CEMAATLER DİYANETE BAĞLANAMAZ-3

Devletten bir kuruş para istemeden devlet ve millet için gece- gündüz mesai yapan bu isimsiz kahramanları rencide etmemek lazımdır.

Sabah namazında mesaiye başlayan ve yatsı namazına kadar mesai yapan ve asgari ücretle çalışan ehli-i sünnet kuruluşlarını küstürmemek lazım.

Devletten para istemiyor, personelini kendisi yetiştiriyor ve Ömer Halisidemir gibi vatan sevgisini dar zamanlarda ortaya koyuyor.

Niye bu kuruluşların üzerine gidiliyor?

Her yemekten sonra devlete dua eden, derse başlarken geçmişine dua ederek başlayan, esnaf ve sanayicinin ayağına kadar giderek karşılıksız (çay bile içmeyi reddeden) Kur’an-ı Kerim okutan, müesseselerinde bayrak için hususi kutularda özenle muhafaza eden, temiz olmayı “kirletmemek” olarak anlatan bu ehl-i sünnet kuruluşlara millet sahip çıkıyor.

Devletimizin de sahip çıkacağına ümidimiz vardır.

Milletimizin bağrından çıkan, milletimize ve devletimize hizmet eden ehl-i sünnet kuruluşlarına sahip çıkmak her akl-ı selim insanın vazifesi olmalıdır.

Fetö, Adnan Oktar ve benzerleri ehl-i sünnet kuruluşlarının kıymetlerinin anlaşılmasına vesile olmalıdır.

Sonuç olarak cemaatlerin diyanete bağlanması demek, devlet ve millet için cevval olan kuruluşların elinin ayağının “bağlanması” demektir.

Devletimizin görevi hür ve müstakil faaliyet gösteren kuruluşları destekleyerek güçlenmesini temin etmektir.

Kalpazanlar para basıyor diye paraların tedavülü yasaklanmıyor.

Son bir hatırlatma; dini hizmetler memur anlayışla yapılmaz.
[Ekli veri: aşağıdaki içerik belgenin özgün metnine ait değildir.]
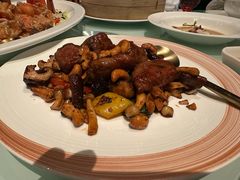 -三号黄浦会Canton Table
Bizdeki memur anlayışı 08.00-17.00 arasında caridir.

Sözünü ettiğimiz ehl-i sünnet kuruluşlarında mesai sadece sabah namazından başlayıp yatsı namazıyla son bulmaz. 24 saat daimi olarak hazırdırlar.

Devlet-millet bütünlüğüne katkı sağlayan, Osmanlı döneminde devletin misyonunun bir kısmını (emr-i bil mağruf nehy-i an’il münker) yerine getiren, devletten tek kuruş almadan kendi binalarını yapan, personelini yetiştiren ve ücretini ödeyen ve sosyal barışın temini hususunda katma değer sağlayan bu ehl-i sünnet kuruluşlarına engel olmamak en mühim vatan vazifesidir.
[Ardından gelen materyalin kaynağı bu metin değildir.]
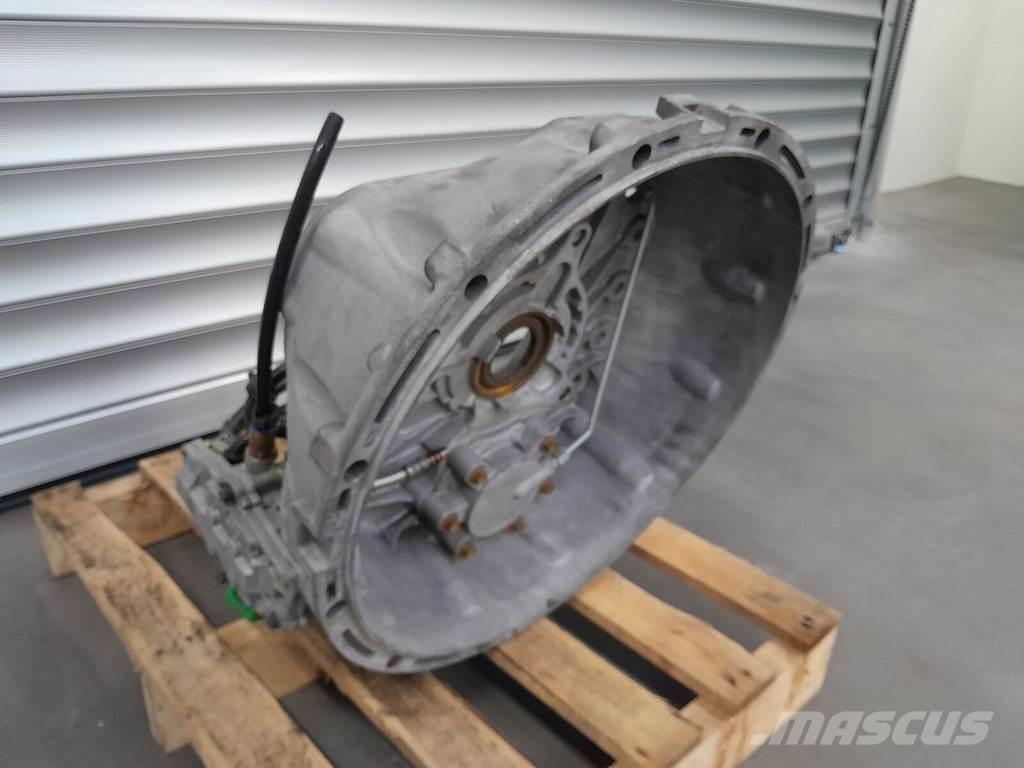 Volvo FH - FM Trasporto - Altro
Not: Cemaat kavramıyla kast etmek istediğimiz ehl-i sünnet kuruluşlardır. Azınlık cemaatlerine kimse dokunamaz zaten. Tanzimat’tan sonra azınlık cemaatleri “dokunulmaz” bir hüviyete büründürülmüştür. Cumhuriyet ile birlikte azınlık cemaatlerinin dokunulmazlıkları tahkim edilmiştir. 2010 yılında azınlık vakıflarına ait mülkler iade edilmiştir. Meraklısı için söyleyelim; azınlık cemaati demek, gayrimüslim cemaati demektir.